DATASET RECORDS:
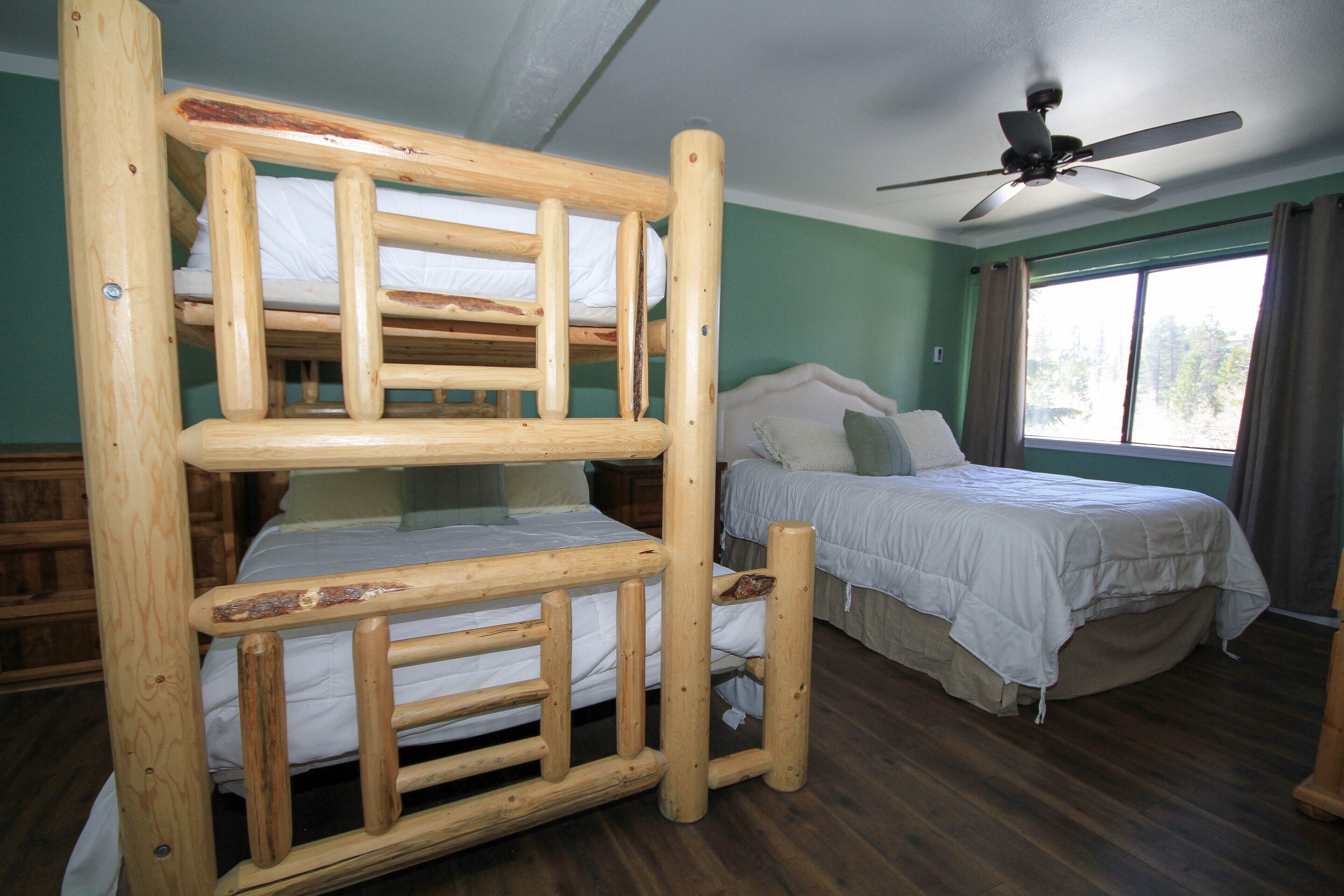 A room with a bunk bed, a single bed, a ceiling fan, and a window with curtains.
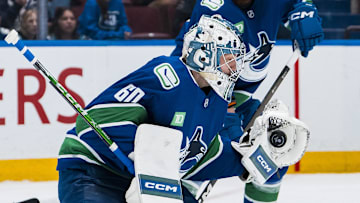 Apr 14, 2025; Vancouver, British Columbia, CAN; Vancouver Canucks goalie Nikita Tolopilo (60) makes a save against the San Jose Sharks in the third period at Rogers Arena. Mandatory Credit: Bob Frid-Imagn Images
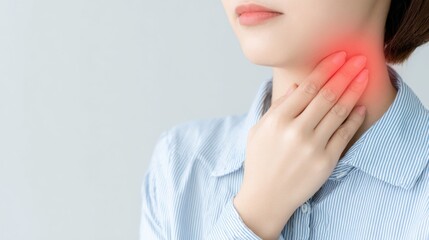 Fototapeta premium Sore Throat: A close-up shot of a person, her hand gently touching her inflamed neck as she battles the ache and discomfort.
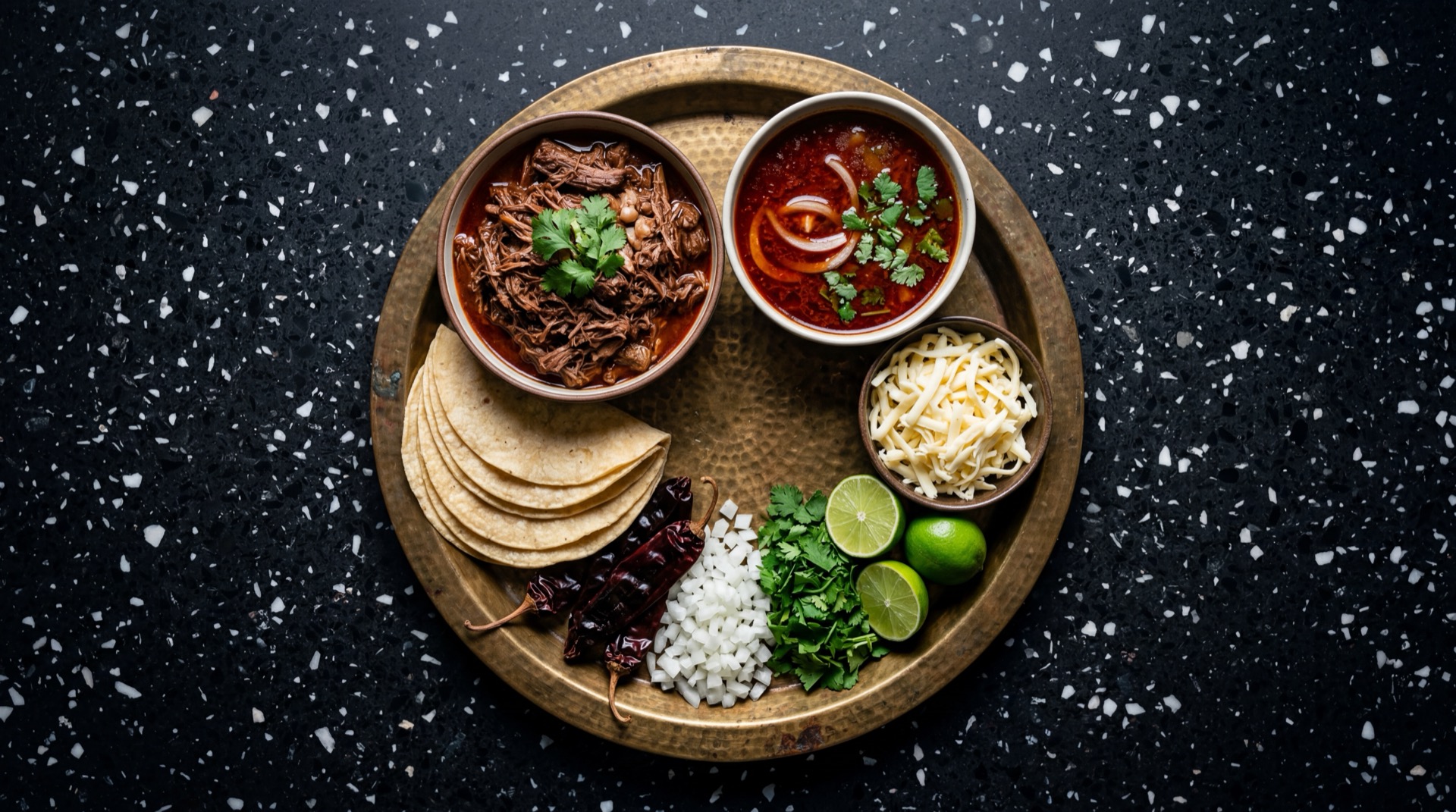 Ingredientes para tacos de birria de res: chamorro de res con hueso crudo, chiles guajillo secos, chiles ancho secos, chiles morita secos, tomates rojos maduros, ajo entero, cebolla blanca, oregano mexicano seco, comino molido, clavos de olor enteros, pimienta negra entera y tortillas de maiz frescas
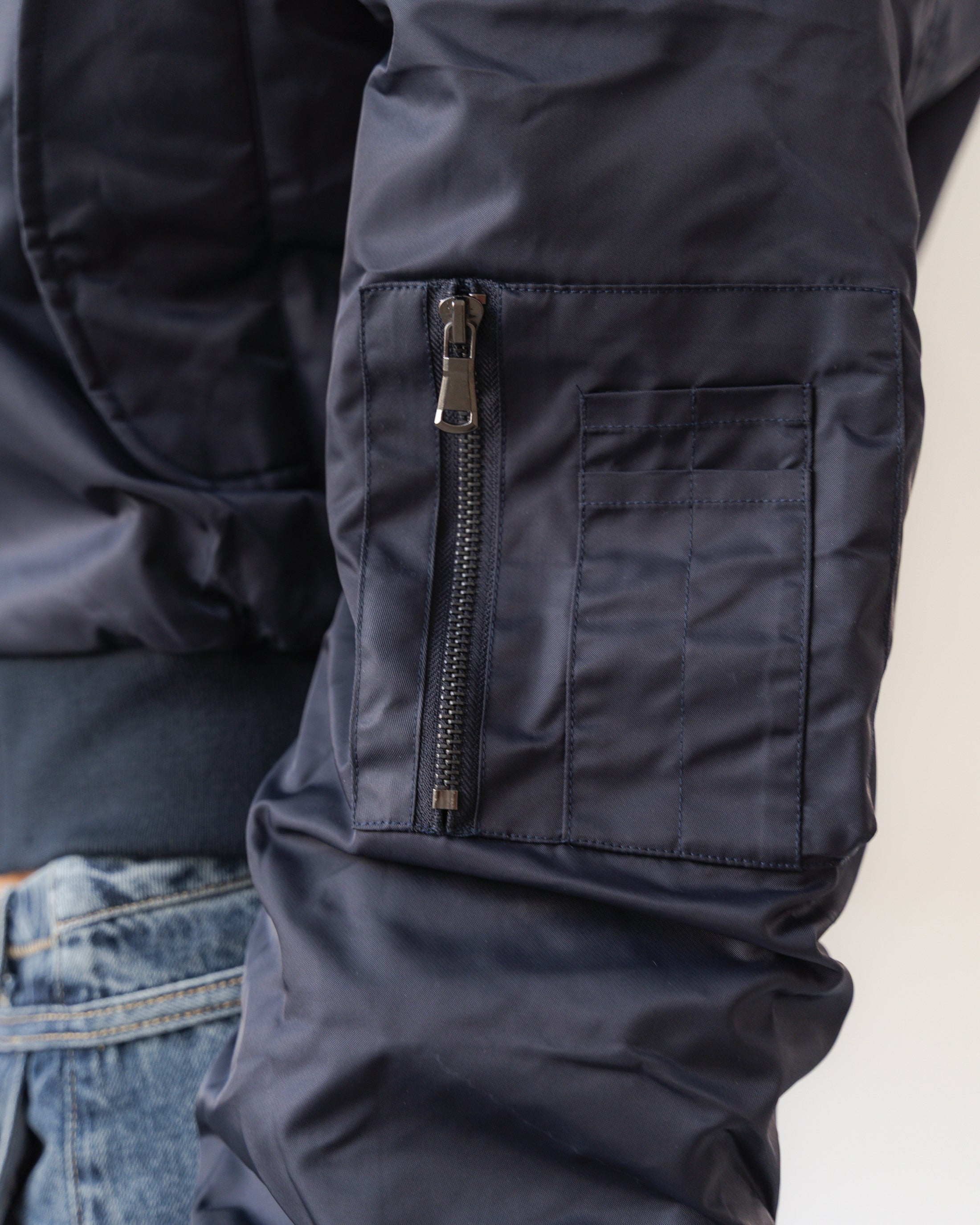 Close-up of a navy blue jacket with a zipper and pocket, worn over jeans.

WORK ITEM: Pictures excluded, write out exactly and only the lines of the material from the one containing "Fototapeta premium Sore" up to and including the last line.

PROBLEM SOLUTION:
 Fototapeta premium Sore Throat: A close-up shot of a person, her hand gently touching her inflamed neck as she battles the ache and discomfort.
 Ingredientes para tacos de birria de res: chamorro de res con hueso crudo, chiles guajillo secos, chiles ancho secos, chiles morita secos, tomates rojos maduros, ajo entero, cebolla blanca, oregano mexicano seco, comino molido, clavos de olor enteros, pimienta negra entera y tortillas de maiz frescas
 Close-up of a navy blue jacket with a zipper and pocket, worn over jeans.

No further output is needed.